BEGIN THE INPUT
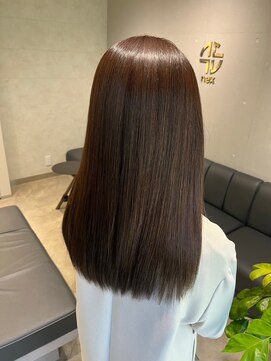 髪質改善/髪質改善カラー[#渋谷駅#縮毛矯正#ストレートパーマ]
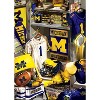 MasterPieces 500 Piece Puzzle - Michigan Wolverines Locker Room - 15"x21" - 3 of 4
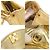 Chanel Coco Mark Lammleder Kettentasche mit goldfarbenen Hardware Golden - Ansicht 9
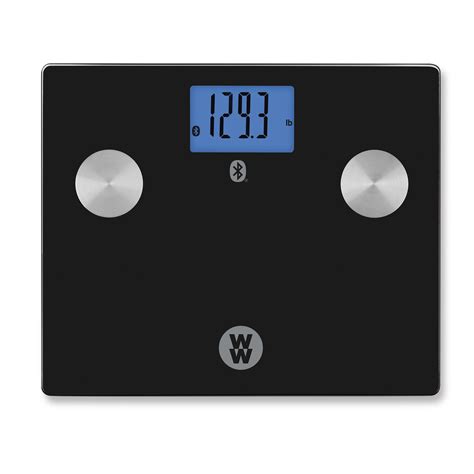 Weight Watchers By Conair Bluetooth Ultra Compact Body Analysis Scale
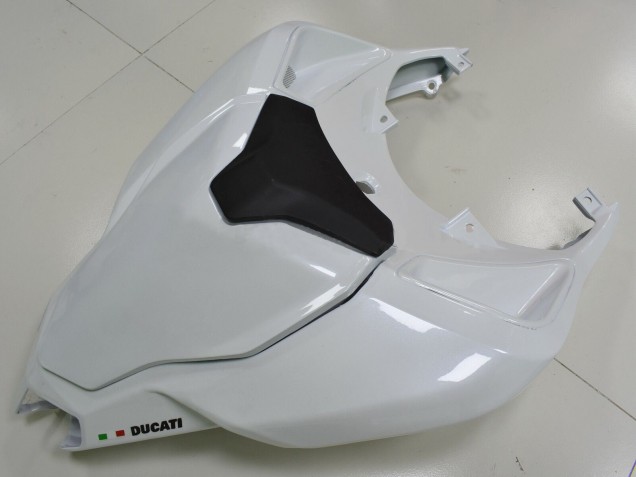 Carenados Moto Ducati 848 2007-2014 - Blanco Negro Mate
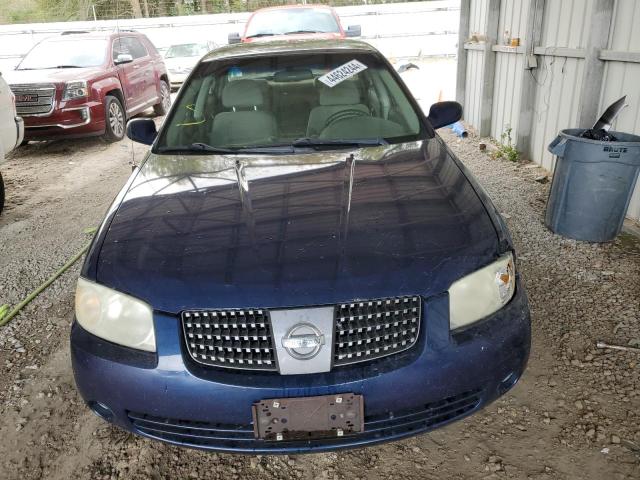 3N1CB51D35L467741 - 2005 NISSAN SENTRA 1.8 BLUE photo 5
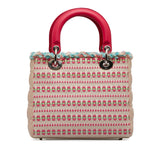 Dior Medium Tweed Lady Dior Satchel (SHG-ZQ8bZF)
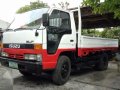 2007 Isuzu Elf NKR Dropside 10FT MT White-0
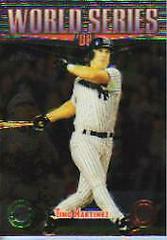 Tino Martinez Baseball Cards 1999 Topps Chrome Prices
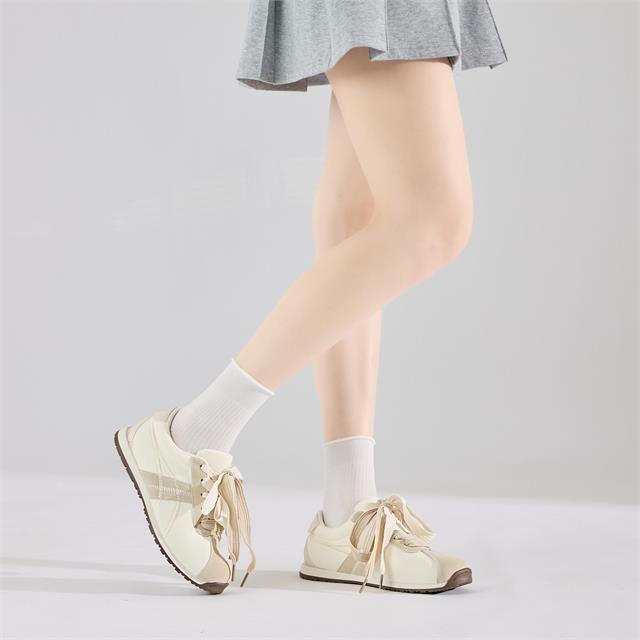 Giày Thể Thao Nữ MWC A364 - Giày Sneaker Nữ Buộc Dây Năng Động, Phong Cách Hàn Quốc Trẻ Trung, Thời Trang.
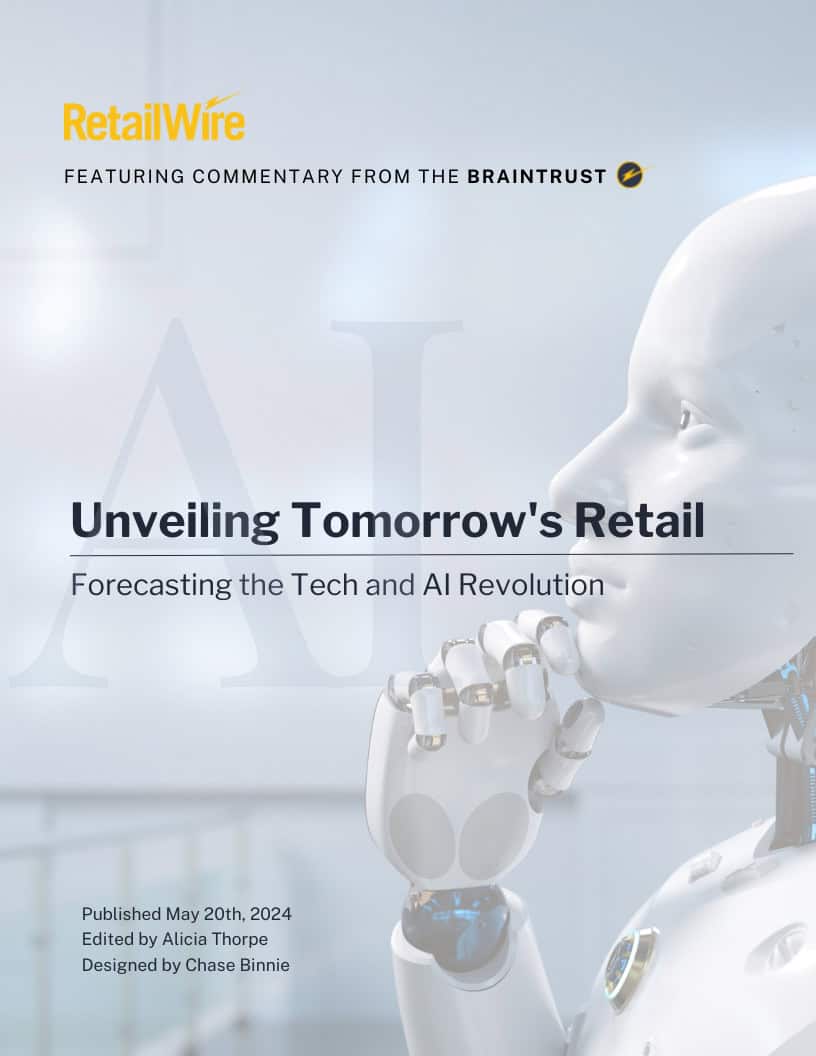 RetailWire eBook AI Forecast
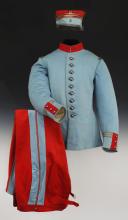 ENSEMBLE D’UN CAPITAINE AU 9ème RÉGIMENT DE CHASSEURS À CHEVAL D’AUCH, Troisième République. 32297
END THE INPUT
### AIM OF THE EXERCISE
Nothing but the records above, retyped exactly and stripped of images, should appear in the answer.

### SOLUTION FOR THIS EXERCISE
 髪質改善/髪質改善カラー[#渋谷駅#縮毛矯正#ストレートパーマ]
 MasterPieces 500 Piece Puzzle - Michigan Wolverines Locker Room - 15"x21" - 3 of 4
 Chanel Coco Mark Lammleder Kettentasche mit goldfarbenen Hardware Golden - Ansicht 9
 Weight Watchers By Conair Bluetooth Ultra Compact Body Analysis Scale
 Carenados Moto Ducati 848 2007-2014 - Blanco Negro Mate
 3N1CB51D35L467741 - 2005 NISSAN SENTRA 1.8 BLUE photo 5
 Dior Medium Tweed Lady Dior Satchel (SHG-ZQ8bZF)
 2007 Isuzu Elf NKR Dropside 10FT MT White-0
 Tino Martinez Baseball Cards 1999 Topps Chrome Prices
 Giày Thể Thao Nữ MWC A364 - Giày Sneaker Nữ Buộc Dây Năng Động, Phong Cách Hàn Quốc Trẻ Trung, Thời Trang.
 RetailWire eBook AI Forecast
 ENSEMBLE D’UN CAPITAINE AU 9ème RÉGIMENT DE CHASSEURS À CHEVAL D’AUCH, Troisième République. 32297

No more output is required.